Author Topic: Op:mia/op3 Programming Concepts  (Read 1458 times)

Offline leeor_net

  • Administrator
  • Hero Member
  • *****
  • Posts: 2350
  • OPHD Lead Developer
    • LairWorks Entertainment
Op:mia/op3 Programming Concepts
« on: November 12, 2005, 10:23:40 AM »
Well, I've been pondering something and it turns out that my idea is actually rather complex.

For OP:MIA, I want to use a similar concept that I had come up with for OP3's Input Module Design. Essentially, I want to create a class (we'll call it cInput here) that handles all of the input processing. However, as it is a class and I don't want it to be programmed specifically for OP:MIA/OP3 and I want it to be general. Essentially, I want it to provide an interface in which the host/core program looks at a 'queue' of sorts provided by cInput (let's call it cInput::InputQueue(); which is a function that returns an array of input events). Each input 'event' essentially describes what type of input it is (e.g., KEYBOARD, MOUSE, JOYSTICK, etc.). It then says why is contained in the event (e.g., for an event of type KEYBOARD we will have whether a key has been pressed or released and what particular key it is such as 'A', 'B', '5', 'ENTER' and so on). The core will look at the first item in this list and then determine what to do with it. After it has read the event, it then flags cInput to tell it that it has read the most current 'event' using the function cInput::EventPop(); (the function tells cInput to remove the first event in the list).

cInput looks at all incoming input and then generates a list. Essentially it creates a list of input events each of which follow the last event that occured. As new events occur, they are added to the end of the list in the order in which they are caught. The Core/Host program signals cInput to remove events from the front of the list as they have already been recieved.

The question is, I've noticed that this system is very similar to what Win32 does with its event driven system. It's a LOT faster as a lot of the information associated with input is not present. It just says what's being pressed, what's not, mouse movements etc.

The question is, what's the best listing method for this type of system? Should I use linked lists? An internal array that can only hold so many items? Some sort of memory buffer?

I want to create cInput to be as independant of the rest of the system as possible so that it could be plugged into another program/application/game/whatever. I also want it to be extremely fast so that's why there won't be any sort of translate/dispatch crap and most of the extra information about a keypress/mouseclick/whatever has been simply sheared away. I just want very basic information setup in the list.

Also, I figure that by using a list of some sort, input from the user that may be happening but the system is unable to respond to at that very moment in time (for instance, the user has pressed and released a key before a frame has finished being rendered) will still be in the queue waiting to be processed by the core making the input very responsive (as cInput will probably be running in its own thread and whatnot).

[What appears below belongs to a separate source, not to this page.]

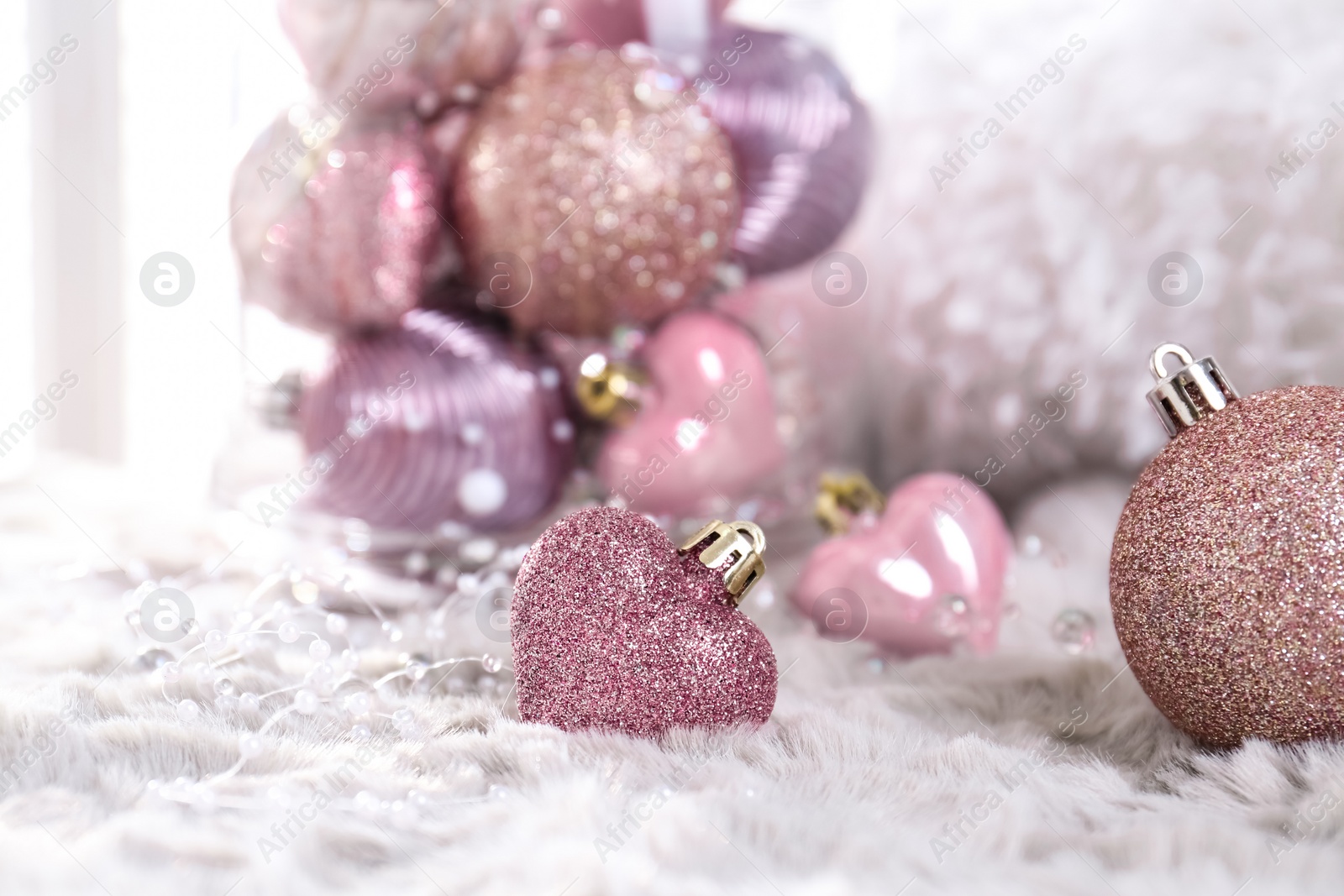Photo of Beautiful pink Christmas baubles on white fur. Space for text
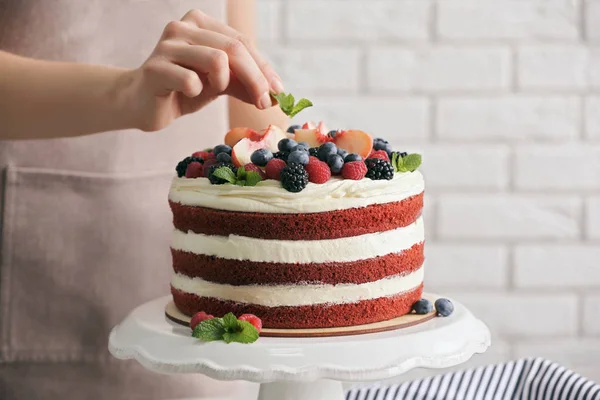 Mulher decoração bolo delicioso — Fotografia de Stock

I don't know if I'm clear but feedback would be great.
 

Offline Hooman

  • Administrator
  • Hero Member
  • *****
  • Posts: 4954
Op:mia/op3 Programming Concepts
« Reply #1 on: November 13, 2005, 10:58:49 PM »
Quote
The question is, I've noticed that this system is very similar to what Win32 does with its event driven system. It's a LOT faster as a lot of the information associated with input is not present. It just says what's being pressed, what's not, mouse movements etc.
What is a lot faster? And why?


Quote
The question is, what's the best listing method for this type of system? Should I use linked lists? An internal array that can only hold so many items? Some sort of memory buffer?
Be careful with the linked list idea. You'll want to avoid frequent memory allocation and deallocation. This can be a rather slow process. To get around this, you can either allocate memory for a bunch of nodes at once (i.e. allocate an array of nodes) or, have each node hold an array of data elements. In either case, you're essentially holding a pool of allocated memory to store data into as it appears without having to call memory allocation routines for each new input event. You can also avoid call memory deallocation routines every time an input event is poped. Although, I should point out that the STL linked lists may already do this sort of thing by default, to an extent. Just make sure to keep an eye on memory allocation, and if you're keeping a pool of unused nodes, make sure it's quick and easy to maintain it. If you're spending a lot of time keeping track of allocated nodes, you might as well have let the memory system do it for you.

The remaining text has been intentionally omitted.